■ **About this exercise**:
After finding the line with "NDUFB7 Antibody - BSA Free" in the data below, set down exactly each line through the one with "Microdermabrasion Results", inclusive, and stop there.

■ **Given data**:
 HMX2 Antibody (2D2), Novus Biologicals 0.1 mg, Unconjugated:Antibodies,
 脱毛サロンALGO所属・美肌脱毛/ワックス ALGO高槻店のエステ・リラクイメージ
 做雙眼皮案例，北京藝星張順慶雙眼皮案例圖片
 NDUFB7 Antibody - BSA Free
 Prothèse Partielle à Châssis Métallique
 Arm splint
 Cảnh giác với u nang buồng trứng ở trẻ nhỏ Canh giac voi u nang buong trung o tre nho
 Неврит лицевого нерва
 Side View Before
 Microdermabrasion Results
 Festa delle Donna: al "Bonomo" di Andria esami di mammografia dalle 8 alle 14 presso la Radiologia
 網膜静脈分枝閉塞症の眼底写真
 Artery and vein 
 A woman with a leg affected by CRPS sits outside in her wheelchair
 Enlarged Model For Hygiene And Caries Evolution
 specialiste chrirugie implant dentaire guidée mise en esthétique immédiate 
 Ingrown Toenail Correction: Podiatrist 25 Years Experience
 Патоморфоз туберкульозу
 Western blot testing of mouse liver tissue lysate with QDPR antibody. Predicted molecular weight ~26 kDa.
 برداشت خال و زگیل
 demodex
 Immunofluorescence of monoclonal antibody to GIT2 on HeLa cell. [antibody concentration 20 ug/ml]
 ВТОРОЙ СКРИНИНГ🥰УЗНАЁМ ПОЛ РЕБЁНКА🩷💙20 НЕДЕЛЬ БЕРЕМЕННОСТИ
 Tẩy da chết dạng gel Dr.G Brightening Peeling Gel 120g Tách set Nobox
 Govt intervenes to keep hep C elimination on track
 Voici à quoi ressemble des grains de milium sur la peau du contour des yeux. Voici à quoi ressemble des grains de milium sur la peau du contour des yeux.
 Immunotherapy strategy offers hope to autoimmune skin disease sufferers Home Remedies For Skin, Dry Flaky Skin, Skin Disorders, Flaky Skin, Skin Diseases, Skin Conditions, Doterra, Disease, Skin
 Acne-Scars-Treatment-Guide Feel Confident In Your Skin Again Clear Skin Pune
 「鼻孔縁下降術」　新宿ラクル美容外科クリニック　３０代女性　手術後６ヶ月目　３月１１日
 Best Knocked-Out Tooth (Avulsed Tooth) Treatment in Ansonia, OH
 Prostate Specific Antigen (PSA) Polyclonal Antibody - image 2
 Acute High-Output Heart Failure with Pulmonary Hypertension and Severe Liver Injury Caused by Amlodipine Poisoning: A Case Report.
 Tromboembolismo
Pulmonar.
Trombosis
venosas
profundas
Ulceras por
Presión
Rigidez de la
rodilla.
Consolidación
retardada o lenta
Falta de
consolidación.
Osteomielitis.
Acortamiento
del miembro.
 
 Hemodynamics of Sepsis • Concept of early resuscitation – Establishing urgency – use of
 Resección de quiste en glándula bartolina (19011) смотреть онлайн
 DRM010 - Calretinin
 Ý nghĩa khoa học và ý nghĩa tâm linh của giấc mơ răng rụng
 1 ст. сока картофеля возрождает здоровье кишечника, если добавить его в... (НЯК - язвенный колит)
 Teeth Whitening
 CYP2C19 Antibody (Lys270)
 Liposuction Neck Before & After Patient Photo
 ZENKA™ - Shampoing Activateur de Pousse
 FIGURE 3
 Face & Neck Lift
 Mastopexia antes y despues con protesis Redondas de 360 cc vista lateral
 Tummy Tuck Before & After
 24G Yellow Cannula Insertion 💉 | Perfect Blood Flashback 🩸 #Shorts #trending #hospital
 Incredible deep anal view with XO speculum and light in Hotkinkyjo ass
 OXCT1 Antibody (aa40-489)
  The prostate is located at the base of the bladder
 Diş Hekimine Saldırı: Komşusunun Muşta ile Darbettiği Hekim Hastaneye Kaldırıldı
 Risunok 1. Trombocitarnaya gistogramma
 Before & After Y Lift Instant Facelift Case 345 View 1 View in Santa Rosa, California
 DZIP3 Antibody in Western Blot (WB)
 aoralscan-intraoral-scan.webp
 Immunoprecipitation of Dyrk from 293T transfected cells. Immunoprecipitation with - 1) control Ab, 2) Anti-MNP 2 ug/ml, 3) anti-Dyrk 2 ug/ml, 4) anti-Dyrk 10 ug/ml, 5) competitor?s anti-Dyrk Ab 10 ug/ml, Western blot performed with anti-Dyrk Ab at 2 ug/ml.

■ **Exercise output**:
 NDUFB7 Antibody - BSA Free
 Prothèse Partielle à Châssis Métallique
 Arm splint
 Cảnh giác với u nang buồng trứng ở trẻ nhỏ Canh giac voi u nang buong trung o tre nho
 Неврит лицевого нерва
 Side View Before
 Microdermabrasion Results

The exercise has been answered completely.